Python allows for a simple check if a string is contained in another string:
'ab' in 'abcd'
which evaluates to True
.
Now take a numpy
array of strings and you can do this:
import numpy as np
A0 = np.array(['z', 'u', 'w'],dtype=object)
A0[:,None] != A0
Resulting in a boolean array:
array([[False, True, True],
[ True, False, True],
[ True, True, False]], dtype=bool)
Lets now take another array:
A1 = np.array(['u_w', 'u_z', 'w_z'],dtype=object)
I want to check where a string of A0
is not contained in a string in A1
, essentially creating unique combinations, but the following does not yield a boolean array, only a single boolean, regardless of how I write the indices:
A0[:,None] not in A1
I also tried using numpy.in1d
and np.ndarray.__contains__
but those methods don't seem to do the trick either.

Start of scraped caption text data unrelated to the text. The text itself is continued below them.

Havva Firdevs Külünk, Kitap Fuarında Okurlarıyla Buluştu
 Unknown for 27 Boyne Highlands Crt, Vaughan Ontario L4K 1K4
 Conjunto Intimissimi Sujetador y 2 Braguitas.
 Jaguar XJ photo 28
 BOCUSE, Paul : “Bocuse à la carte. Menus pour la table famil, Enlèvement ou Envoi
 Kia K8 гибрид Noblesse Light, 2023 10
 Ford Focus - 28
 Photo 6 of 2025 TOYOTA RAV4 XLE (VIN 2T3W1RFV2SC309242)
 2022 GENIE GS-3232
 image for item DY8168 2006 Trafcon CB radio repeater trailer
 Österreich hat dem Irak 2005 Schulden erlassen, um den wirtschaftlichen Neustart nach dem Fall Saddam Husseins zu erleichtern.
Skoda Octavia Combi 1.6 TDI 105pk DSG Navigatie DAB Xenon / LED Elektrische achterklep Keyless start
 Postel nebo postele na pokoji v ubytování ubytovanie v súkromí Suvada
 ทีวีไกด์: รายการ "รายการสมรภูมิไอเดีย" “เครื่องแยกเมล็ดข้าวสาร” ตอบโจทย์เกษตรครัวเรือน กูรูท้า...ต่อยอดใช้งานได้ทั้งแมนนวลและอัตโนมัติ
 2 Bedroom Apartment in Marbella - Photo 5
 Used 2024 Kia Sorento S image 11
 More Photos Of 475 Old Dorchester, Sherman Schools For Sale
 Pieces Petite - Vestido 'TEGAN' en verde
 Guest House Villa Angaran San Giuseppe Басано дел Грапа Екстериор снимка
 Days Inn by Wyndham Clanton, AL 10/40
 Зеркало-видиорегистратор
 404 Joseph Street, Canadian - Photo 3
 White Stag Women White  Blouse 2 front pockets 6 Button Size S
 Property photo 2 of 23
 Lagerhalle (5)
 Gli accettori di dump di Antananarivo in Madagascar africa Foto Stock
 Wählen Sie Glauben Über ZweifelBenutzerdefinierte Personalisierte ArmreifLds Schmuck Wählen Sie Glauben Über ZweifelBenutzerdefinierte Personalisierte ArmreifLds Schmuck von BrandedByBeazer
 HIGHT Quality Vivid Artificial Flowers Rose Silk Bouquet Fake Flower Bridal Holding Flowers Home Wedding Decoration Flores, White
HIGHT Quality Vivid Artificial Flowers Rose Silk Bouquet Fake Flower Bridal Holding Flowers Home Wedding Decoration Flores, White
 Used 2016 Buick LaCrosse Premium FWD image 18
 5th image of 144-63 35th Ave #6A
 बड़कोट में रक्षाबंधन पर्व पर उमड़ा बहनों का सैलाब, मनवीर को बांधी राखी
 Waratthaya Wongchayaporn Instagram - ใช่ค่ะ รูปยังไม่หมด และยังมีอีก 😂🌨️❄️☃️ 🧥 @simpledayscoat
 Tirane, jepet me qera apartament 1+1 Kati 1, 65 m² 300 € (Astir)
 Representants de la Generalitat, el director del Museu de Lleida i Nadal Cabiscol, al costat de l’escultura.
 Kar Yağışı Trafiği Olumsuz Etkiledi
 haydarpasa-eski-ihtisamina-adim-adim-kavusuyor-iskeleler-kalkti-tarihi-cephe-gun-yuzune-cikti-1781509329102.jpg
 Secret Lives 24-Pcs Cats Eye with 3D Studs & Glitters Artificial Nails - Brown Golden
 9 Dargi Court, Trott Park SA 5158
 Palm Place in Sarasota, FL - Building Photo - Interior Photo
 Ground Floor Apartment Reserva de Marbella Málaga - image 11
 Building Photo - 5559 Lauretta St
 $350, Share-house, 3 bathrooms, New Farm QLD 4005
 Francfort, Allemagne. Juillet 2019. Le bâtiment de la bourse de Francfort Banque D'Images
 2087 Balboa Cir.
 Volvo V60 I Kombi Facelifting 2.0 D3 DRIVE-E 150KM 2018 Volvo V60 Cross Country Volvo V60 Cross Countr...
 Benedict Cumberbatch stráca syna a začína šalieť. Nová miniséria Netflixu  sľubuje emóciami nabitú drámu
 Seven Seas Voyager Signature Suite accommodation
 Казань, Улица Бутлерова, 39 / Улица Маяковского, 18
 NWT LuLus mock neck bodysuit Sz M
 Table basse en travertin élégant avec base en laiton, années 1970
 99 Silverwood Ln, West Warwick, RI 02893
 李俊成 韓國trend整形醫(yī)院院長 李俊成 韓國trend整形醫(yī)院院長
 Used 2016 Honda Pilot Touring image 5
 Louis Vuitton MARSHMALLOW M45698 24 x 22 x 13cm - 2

Performance is an issue here so I want to make full use of numpy's
optimizations.
How do I achieve this?
EDIT:
I found it can be done like this:
fv = np.vectorize(lambda x,y: x not in y)
fv(A0[:,None],A1)
But as the numpy
docs state:
The vectorize function is provided primarily for convenience, not for performance. The implementation is essentially a for loop.
So this is the same as just looping over the array, and it would be nice to solve this without explicit or implicit for-loop.